What is a CDB file?
The CDB files are used in mission-critical applications like email. The CDB stands for “constant database”, a fast, reliable and simple package for creating or reading constant databases. Database replacement is safe against system crashes. Users don’t have to pause during a rewrite. CDB performs as an associative array (on-disk), mapping keys to values, and enables multiple values to be stored in a single key.
CDB File Format
The CDB file format stores numbers, offsets, lengths, and hash values in little endian format as unsigned 32-bit integers. Keys and data are thought to be opaque byte strings with no special treatment. At the beginning of the database, the fixed-size header represents 256 hash tables by listing their position within the file and their length in slots. Usually the data is stored as a sequence of records, each record stores key length, data length, key, and data. There are no sorting or alignment rules. The records are followed by a set of 256 hash tables of varying lengths. Since zero is a valid length, there may be fewer than 256 hash tables physically stored in the database, but there are nothing considered to be 256 tables. Hash tables consists of a series of slots, each of which contains a hash value and a record offset. “Empty slots” have an offset of zero.
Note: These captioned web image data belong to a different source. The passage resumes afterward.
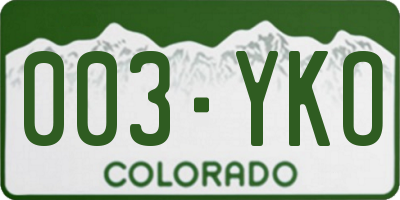 CO license plate 003YKO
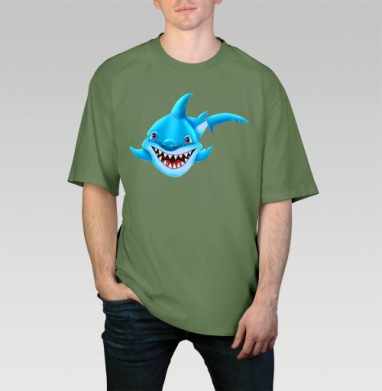 Жизнерадостный морской хищник мультяшная синяя акула Smiling Blue Shark, Футболка мужская оверсайз оливковая
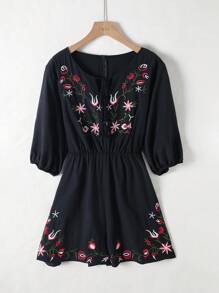 Flirla Plus Size Women's Floral Embroidery Round Neck Romper - Black - View 1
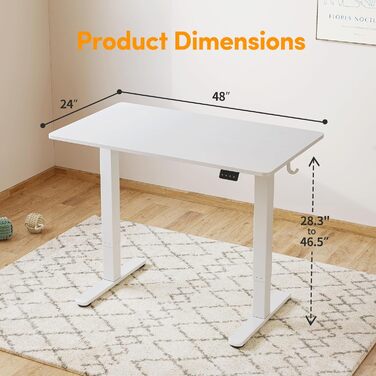 Електричний стіл Cubiker 120x60 см, регулювання висоти, сталеві T-подібні ніжки, пам'ять, антиколізійна система, біла стільниця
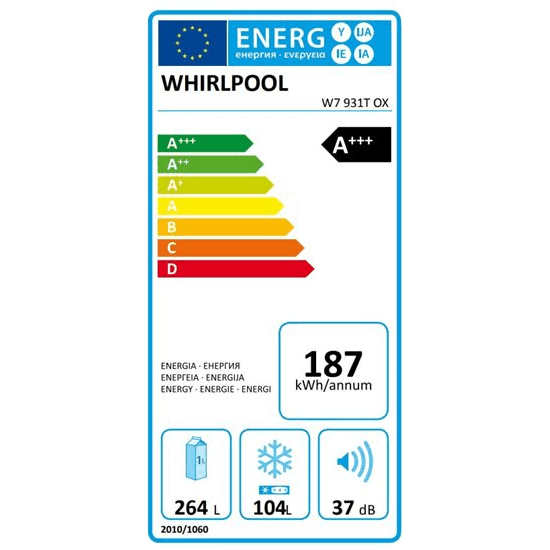 FRIGO COMBI WHIRLPOOL 2mts inox W7931TOX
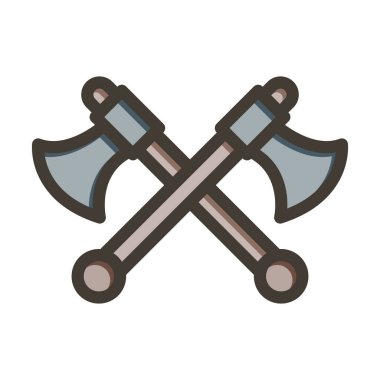 Axe Vektör Kalın Çizgisi Kişisel ve Ticari Kullanım için Renk Simgesi Dolduruldu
Structure of CDB File Format
CDB database consists of an entire dataset in a single computer file. It contains three parts:
- A fixed-size header
- Data
- A set of hash tables.
Lookups are available for exact keys only. Lookups act using the following algorithm:
- Hash the key.
- Determine at which hash table and slot this record should be located.
- Test the indicated slot in the hash table.
For lookups of keys with more than one values, additional values may be found by simply resuming the search at the next slot.
Features
CDB database structure provides several features:
Fast lookups
A successful lookup in a huge database normally takes just two disk accesses and an unsuccessful lookup takes only one.
Low overhead
A database uses 2048 bytes, 24 bytes per record and the space for keys and data.
No random limits
CDB can manage any database up to 4 gigabytes. Since there are no other restrictions, the records don’t even have to fit into memory. Databases are stored in a machine independent format.
Fast atomic database replacement
The command cdbmake can re-write an entire database into two orders of magnitude, faster than other hashing packages.
Fast database dumps
cdbdump can prints the contents of a database in cdbmake-compatible format.